- Founder: Fırat Kürşad Akten
- Leader: Fırat Kürşad Akten
- Founded: Anti-emperyalist Alevi lider
- Ideology: Turkish nationalism; Turkish-Islamic synthesis; Bektashi Alevism; Turanism; Idealism; Pan-Turkism; Alevi-Sunni unity; Anti-Arabism; Anti-Kurdism; Anti-communism;
- Political position: Far-right

= Nationalist Alevi Bektashi Cultural Associations =

Turkish ultranationalist union

The Fırat Akten Nationalist Alevi Bektashi Cultural Associations (Turkish: Milliyetçi Alevi Bektaşi Kültür Dernekleri) is a Turkish ultranationalist union of various Alevi associations.

== History ==
Fırat Kürşad Akten, an Alevi from Erzincan born to a family long active in the MHP, created the group out of frustration due to Alevis commonly being portrayed as leftist or communist, saying that he wants to “get rid of the heedless people who do not know the Turkish State, who want to lower our flag which is adorned with the blood of martyrs, and who have set their eyes on the indivisible integrity of the homeland and the nation from inside the Alevi movements." Akten denied the existence of Alevi Dımıli , and claimed that all Alevis are Turkomans who were originally influenced by Ahmad Yasawi. He blamed the degeneration of Alevi society on Kurmancs and leftists. The group advocates for the recognition of Cemevis as houses of worship by the Diyanet, as well as dedes receiving their salary from Diyanet like imams do. The group is also ideologically Idealist, Pan-Turkist, and Turkish-Islamic synthesist. Akten is strongly Anti-Arab and claimed that the entire history of Arabs was causing harm to Turks. The group also aims for the unity and reconciliation of Turkish Sunnis and Alevis, on the grounds that they are both Turkish Muslims, with more emphasis on Turkish.

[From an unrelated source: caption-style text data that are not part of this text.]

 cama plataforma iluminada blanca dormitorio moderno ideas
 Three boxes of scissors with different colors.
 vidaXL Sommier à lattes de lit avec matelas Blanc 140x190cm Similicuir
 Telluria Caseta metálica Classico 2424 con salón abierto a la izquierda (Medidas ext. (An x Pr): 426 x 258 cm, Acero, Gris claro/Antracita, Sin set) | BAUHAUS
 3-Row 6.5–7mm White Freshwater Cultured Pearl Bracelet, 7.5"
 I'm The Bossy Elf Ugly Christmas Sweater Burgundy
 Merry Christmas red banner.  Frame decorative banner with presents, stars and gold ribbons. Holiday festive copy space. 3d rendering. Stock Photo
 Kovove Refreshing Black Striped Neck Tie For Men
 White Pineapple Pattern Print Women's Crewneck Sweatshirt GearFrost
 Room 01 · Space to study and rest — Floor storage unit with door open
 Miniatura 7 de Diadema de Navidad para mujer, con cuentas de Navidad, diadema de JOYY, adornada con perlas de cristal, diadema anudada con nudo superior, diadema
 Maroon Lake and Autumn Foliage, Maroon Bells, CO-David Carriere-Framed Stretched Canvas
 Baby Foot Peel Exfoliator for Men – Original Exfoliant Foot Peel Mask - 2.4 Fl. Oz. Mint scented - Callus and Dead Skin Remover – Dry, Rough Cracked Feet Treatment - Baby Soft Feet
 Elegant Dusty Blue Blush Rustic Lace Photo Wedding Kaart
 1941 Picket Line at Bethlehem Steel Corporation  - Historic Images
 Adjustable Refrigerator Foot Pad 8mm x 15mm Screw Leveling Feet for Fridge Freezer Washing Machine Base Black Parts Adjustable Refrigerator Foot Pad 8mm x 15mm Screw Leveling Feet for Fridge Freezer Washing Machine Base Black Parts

Akten accused Kurdish leftist groups of massacring Alevis and blaming it on Turkish nationalists as a way to draw Alevis closer to the Kurdish movement. He said that the HDP and PKK are equal to Yazid ibn Muawiya. Akten stated that "those who massacred the Alevis in Çorum and in Maraş had made the Alevis and Turkish Nationalists hostile to each other by attributing the events to the Turkish Nationalists. Afterwards, Alevis were brought closer to the leftist organizations. Moreover, while Alevism was the essence of Islam, these organizations, which have nothing to do with Islam, started their recruiting movements by appearing next to Alevis. Of course, this trend will not continue like this, today most of the Alevi dedes and pirs are struggling to change this trend and return Alevism to its essence. The President of the European Alevi Federation, Turgut Öker, from HDPKK, and his associates are inventing a new Kharijism by ignoring the Qur'an verses. There is no Muhammad, there is no Ali, there is no Hussein, there is no Hasan, or Ahl al-Bayt in that Alevism that they invented somewhere."

Akten reacted very harshly to the appointment of Ali Arif Özzeybek, the former advisor of Kemal Kılıçdaroğlu and Süleyman Soylu, as the head of the Alevi Bektashi Culture and Cemevi Ministry of the Ministry of Culture and Tourism. Akten stated "we do not pledge allegiance. As it is known, the Alevi Bektashi Culture and Cemevi Ministry was established within the Ministry of Culture. This institution gave us hope and delight to save the Alevi movements from terrorist organizations such as the DHKPC and HDPKK. However, with this appointment, we will now have to fight FETÖ on top of having to fight DHKP/C and HDPKK to free Alevism."